Benjamin Gincley Awarded 2020 NSF Graduate Research Fellowship

Benjamin Gincley with Dr. Cochrane

Benjamin Gincley, a student pursuing a PhD in Interdisciplinary Engineering, has received a 2020 National Science Foundation (NSF) Graduate Research Fellowship (GRFP). The prestigious and highly competitive fellowship program has historically awarded only 10% of applicants. Gincley is a first-year student studying under Assistant Professor Ameet Pinto. He is also the recipient of a Cochrane Fellowship, established by Professor Emeritus Dr. John Cochrane to support PhD students poised to make high impact in their study of environmental engineering. Gincley joins other current department PhD students and Cochrane Fellows Katherine Vilardi and Cassandra Nickles as a recipient of the NSF Graduate Research Fellowship.

Benjamin Gincley is a Double Husky, having graduated from Northeastern in 2019 with a BS in Bioengineering. He focused his undergraduate work on neuroscience and biotechnology, exploring brain imaging, gene therapy, and in vitro models of atrial fibrillation on co-ops at Duke University, Dimension Therapeutics, and the Broad Institute. He completed his undergraduate studies with a capstone project under the guidance of his now-adviser, Pinto. His capstone team developed an imaging-based platform for detecting microorganisms in water.

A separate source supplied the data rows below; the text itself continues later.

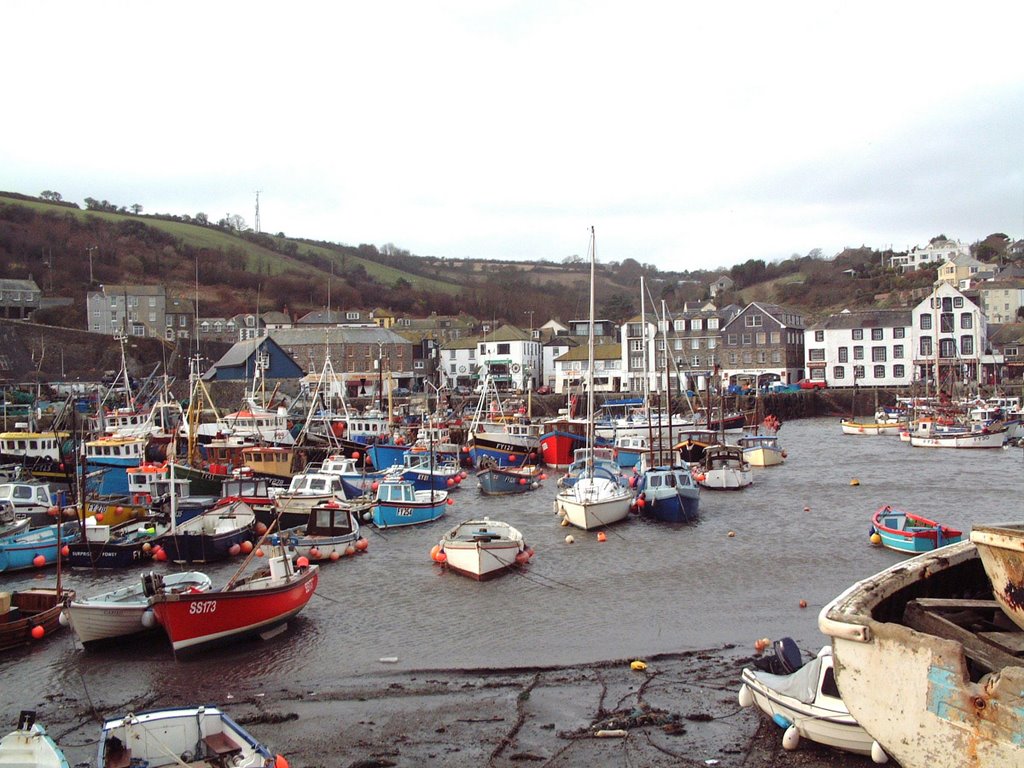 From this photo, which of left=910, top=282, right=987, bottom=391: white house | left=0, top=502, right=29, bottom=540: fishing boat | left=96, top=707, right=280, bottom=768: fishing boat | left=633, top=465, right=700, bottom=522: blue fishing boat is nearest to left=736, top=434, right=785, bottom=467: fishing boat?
left=633, top=465, right=700, bottom=522: blue fishing boat

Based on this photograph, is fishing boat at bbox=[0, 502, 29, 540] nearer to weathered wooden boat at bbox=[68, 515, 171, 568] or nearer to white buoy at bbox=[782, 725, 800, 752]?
weathered wooden boat at bbox=[68, 515, 171, 568]

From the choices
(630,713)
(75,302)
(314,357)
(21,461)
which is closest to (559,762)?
(630,713)

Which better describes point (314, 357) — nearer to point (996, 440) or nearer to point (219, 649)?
point (996, 440)

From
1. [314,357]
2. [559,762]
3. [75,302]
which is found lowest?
[559,762]

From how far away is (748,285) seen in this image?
151500mm

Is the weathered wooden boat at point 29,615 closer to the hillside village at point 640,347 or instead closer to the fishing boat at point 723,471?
the fishing boat at point 723,471

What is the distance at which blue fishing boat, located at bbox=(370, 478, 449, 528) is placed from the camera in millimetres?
32125

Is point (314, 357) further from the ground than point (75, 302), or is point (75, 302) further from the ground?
point (75, 302)

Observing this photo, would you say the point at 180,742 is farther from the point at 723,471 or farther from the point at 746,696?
the point at 723,471

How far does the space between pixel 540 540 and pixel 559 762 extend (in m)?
16.8

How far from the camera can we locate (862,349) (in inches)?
3509

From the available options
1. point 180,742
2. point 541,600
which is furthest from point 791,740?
point 541,600

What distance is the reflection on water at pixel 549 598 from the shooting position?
17.9 m

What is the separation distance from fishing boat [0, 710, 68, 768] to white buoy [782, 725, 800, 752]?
9426mm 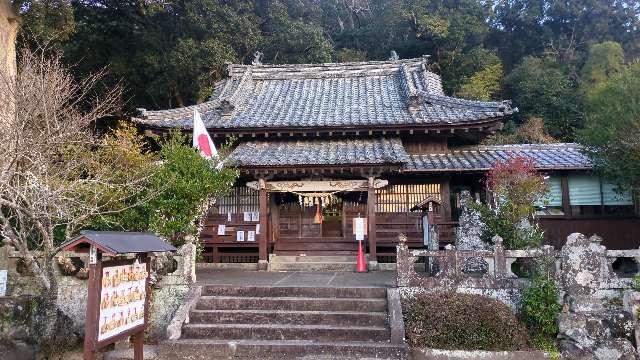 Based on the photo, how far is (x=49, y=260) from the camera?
8945 mm

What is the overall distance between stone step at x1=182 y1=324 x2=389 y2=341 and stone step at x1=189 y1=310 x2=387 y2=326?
22 cm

That capstone project would become the basis for the PhD research that his GRFP now supports. This “Autonomous, Real-Time Microbe Scope (ARTiMiS)” will be leveraged to provide low-cost monitoring of harmful algal blooms in locations without current access to monitoring. “This interdisciplinary project combines electromechanical automation, computer vision and machine learning, optics, and microbiology to create a platform that can autonomously identify microorganisms in a water matrix such as drinking water or a lake,” Gincley explained. Gincley hopes the device will allow users to view online a map of real-time water quality in the way that they can currently check the weather or traffic. “More importantly, this technology will hopefully allow low-resource or remote communities to have the ability to answer the question ‘What’s growing in our water?’ without relying on scientists or government to continually travel to their location to sample the water, which in reality rarely happens.”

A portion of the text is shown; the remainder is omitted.